Expect a visit, with a locksmith, if you're hiding something from the Tax Office

The Tax Office has been given a "tick of approval" for continuing to break into homes, cars and workplaces where it believes documents are at risk of being destroyed.

The visits, which involve locksmiths and do not need court-issued warrants have received the all-clear from the Ombudsman after an investigation which his staff accompanied 100 tax officers on a coordinated raid on homes, cars and workplaces in four states.

Ombudsman John McMillan said at each site the officers flashed "wallet authorities" and provided provided the people they met with signed approvals and a brochure about tax law.

The officers were armed with lists of names, phone numbers and phrases to help identify documents and electronic records on computers and mobile phones...

"The ATO officers advised the building occupiers that they were under no obligation to answer any questions other than those regarding the location of the documents. The building occupiers elected to answer all questions freely," the report says.
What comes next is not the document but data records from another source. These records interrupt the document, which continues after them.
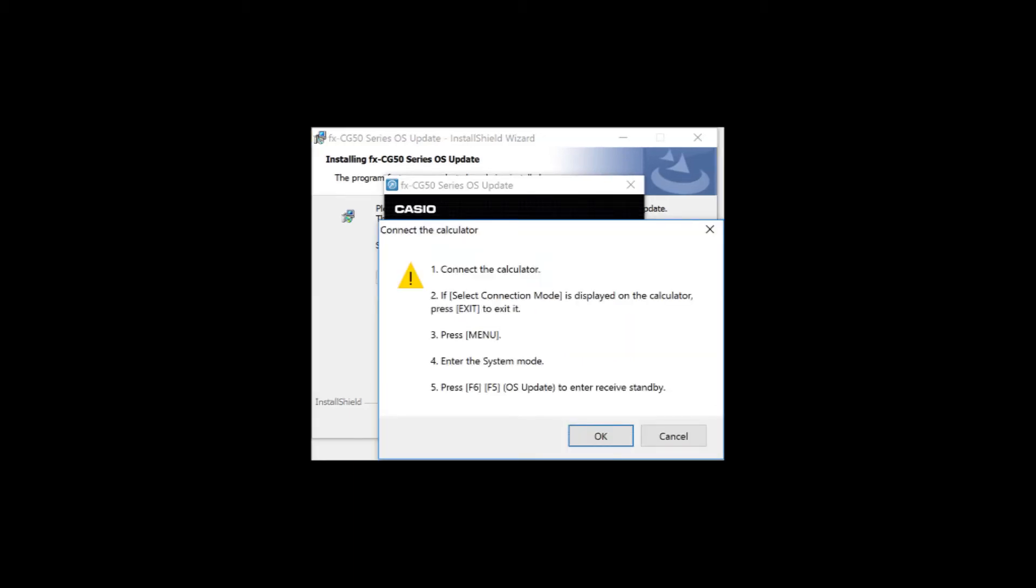Next, it'll have some very specific steps for you to follow. So, you can plug the calculator back into the computer. Then, if it asks what kind of connection mode you want, just press Exit. You don't want any connection mode. Press Menu to go back to the main menu. Find the System app, enter that, and then choose F6 for Next Page, and then F5 for Upgrade OS.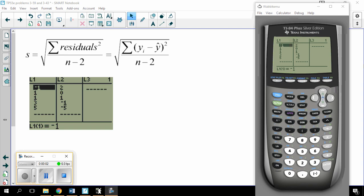I'd like to look at a short tutorial on how to calculate S, the standard deviation of the residuals. I have some data here that's from problem 43 out of the TPS book, but it doesn't really matter — you'll be able to follow along either way with whatever kind of data you have.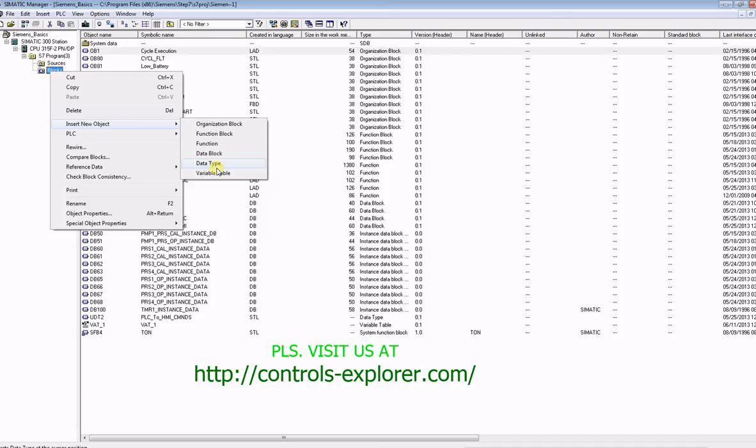So the data structure you create only once in a UDT, and then you create multiple DBs or a single DB, and call the UDT multiple times as per pump 1, pump 2, and pump 3.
Professor McMillan said the Tax Office took the use of its powers seriously and had established sound guidelines and manuals to assist its staff to apply the powers.

"This is the second Ombudsman investigation into the ATO’s access without notice powers in the past 10 years and it confirms that taxpayers can feel confident that the ATO is exercising these powers in the manner in which it should."

The Tax Office was unable to tell Professor McMillan how many raids it conducted each year saying it had kept "no central register of records in relation to the use of access powers".

It has undertaken to start collecting the information and publish it in its annual report.

An earlier Senate report found the ATO conducted as many as 280,000 raids without warrants yearly.

"This volume of monitoring activity could not be conducted under a warrant based system without a very large increase in resources or a substantial reduction in monitoring," it said. "This in turn would lead to losses in revenue."

Published in today's SMH and Age

UPDATE: 280,000 sounds far too high, but that's what the reports say.